Nicole Dreyfus est décédée jeudi soir (11.02.2010.) dans un hôpital parisien. Elle avait quatre-vingt-six ans. Avocate, elle s’est distinguée par un engagement exceptionnel pour la cause de l’Algérie en guerre en assurant la défense des militants nationalistes et communistes algériens. C’est ainsi qu’en 1956, alors âgée de trente-deux ans, elle a fait partie du collectif de défense du Front de libération nationale (FLN). Cette année-là, en pleine « bataille d’Alger », alors que les paras du général Massu pratiquaient une « torture de masse » selon l’expression d’Henri Alleg, faisant disparaître des milliers de personnes – 25 000 morts et disparus en 1956-1957 –, Nicole Dreyfus se rendait à Alger pour assurer la défense de deux jeunes femmes, Baya Hocine et Djhor Akrou, membres de l’ALN (Armée de libération nationale), âgées de seize ans, accusées de terrorisme. Elles avaient été condamnées à mort « la veille de Noël […] en dépit de leur âge et en dépit de leur sexe », déclarait-elle dans un entretien à l’Humanité du 15 novembre 2000, avant que leur peine ne soit commuée en prison à perpétuité. Elle a surtout défendu des femmes comme Zohra Drif, dirigeante du FLN pendant la bataille d’Alger, la communiste Jacqueline Guerroudj, toutes deux condamnées à mort en premier appel. Safia Baaziz, devenue avocate, et plus tard sa collaboratrice. Et tant d’autres militantes nationalistes et communistes algériennes. Menacée de mort par l’extrême droite, Nicole Dreyfus n’a jamais cédé à la peur.

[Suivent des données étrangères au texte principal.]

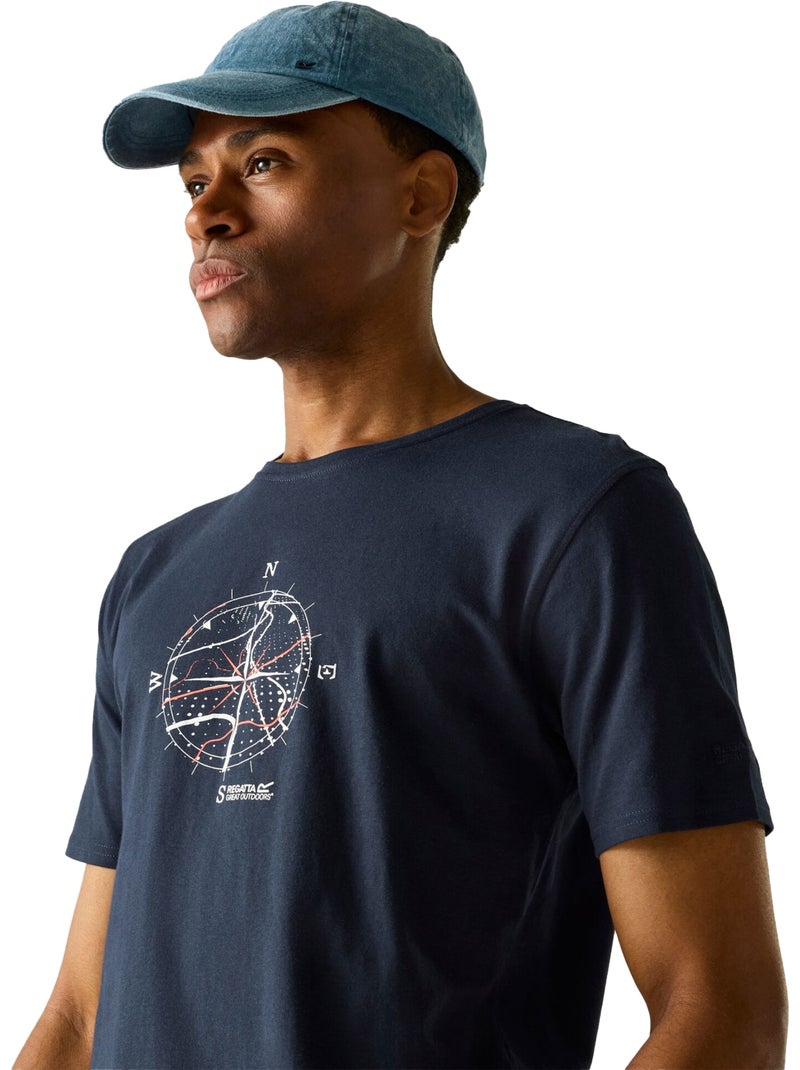 Regatta - T-shirt motif/style boussole CLINE Bleu marine - Kiabi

Nicole Dreyfus puisait la force de son engagement dans l’histoire de sa famille. Très attachée à son origine alsacienne, raconte Henri Alleg, lointaine cousine du capitaine Dreyfus, elle a été marquée par le racisme antisémite. Et de ce passé fait d’engagement pour l’indépendance algérienne qu’elle évoquait à chaque fois qu’elle y était invitée, un ami commun, ancien cadre du FLN, a vainement essayé de la persuader de le raconter par écrit pour les générations actuelles et à venir. C’était en juillet dernier, deux mois après son retour d’Algérie où elle avait participé à un colloque sur les massacres du 8 mai 1945 à Sétif et Guelma. Elle n’en voyait pas l’utilité. « Ce n’est pas mon genre. Je n’ai fait que ce je devais faire comme l’ont fait d’autres avant moi dans d’autres circonstances tout aussi tragiques », répondait-elle. En 2000, Nicole Dreyfus s’engage de nouveau en signant avec onze autres personnalités françaises (Henri Alleg, Germaine Tillion, Josette Audin, Simone de Bollardière, Gisèle Halimi, Alban Liechti, Noël Favrelière, Madeleine Rebérioux, Pierre Vidal-Naquet, Jean-Pierre Vernant et Laurent Schwartz) l’appel lancé le 31 octobre 2000, à l’initiative de l’Humanité, demandant au président Jacques Chirac et au premier ministre Lionel Jospin de condamner la torture pendant la guerre d’Algérie. Cet appel « a eu l’immense mérite de réveiller dans notre peuple ce qui était refoulé. Il a remis à l’ordre du jour des faits anciens, qui dormaient dans la conscience commune, en éveillant des réactions très salutaires. Il a constitué un véritable point d’ancrage pour l’indispensable travail de mémoire », assurait-elle dans les colonnes de l’Humanité. L’ANC sud-africaine, la défense des progressistes grecs sous la dictature des colonels, la Palestine et l’Irak sous occupation américaine ont fait aussi partie de son engagement. (L’Humanité-16.02.2010.)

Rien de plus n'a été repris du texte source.